Saturday, January 05, 2008

A Whole Bunch Of Stuff

So we went to Niagara Falls and it was fun. I ate bad, walked a lot, swam a lot, but did no Running. IT's hard to eat healthy when all you have access to is greasy fried food. If I had the courage to ever step on the scale, I am sure that it will show that I am about five pounds heavier than I was before I went to Niagara falls. BUT I DON'T, So I won't.

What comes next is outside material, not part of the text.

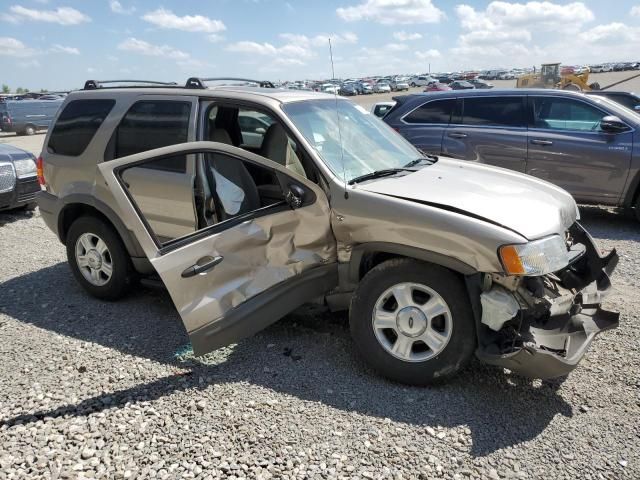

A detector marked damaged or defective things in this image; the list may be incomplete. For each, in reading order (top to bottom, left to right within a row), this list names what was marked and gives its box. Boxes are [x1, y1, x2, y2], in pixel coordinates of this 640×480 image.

damaged gold suv [37, 79, 616, 386]
damaged front bumper [476, 223, 620, 380]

I am not on my home computer, so i will not have pictures today. You know why I am not on my home computer?! Because, I went to Niagara falls, and we came home and I swear we Lake Ontario in our main level. Please note, my Computer is kept on the main level in a little basket underneath my bed. Thankfully, NOTHING happened to that, but the telephone thing, the wireless router AND the internet are all in critical condition. Gargh. Just one more stress on my plate. NOT COOL!

Hm. So, as for training, I have to pick a race. Well, that's a lie. I have to pick a training plan. Well, that's another lie. I need to DESIGN a training plan.
Ok, maybe that was another fib. I HAVE designed my training plan...
Now I need Your Feedback!

I have written out my entire schedule, including job hours, homework hours, lectures, and uhm a little bit of social hours. This schedule also includes Running Hours.

Tiger's Super 30k Training Plan
Goal Race: 30k Around The Bay
Time Goal: 2hrs and 40 minutes
Which is a goal pace of: 5:33/km.

My Training Plan follows these basic principles:

Hill Training: Done Once a week, on Monday's, after work. Hill training will be done on Bexhill. It's big, and long and stuff. And Steep. And perfect :). Don't think I'll be able to convince anyone to do it with me though. Haha.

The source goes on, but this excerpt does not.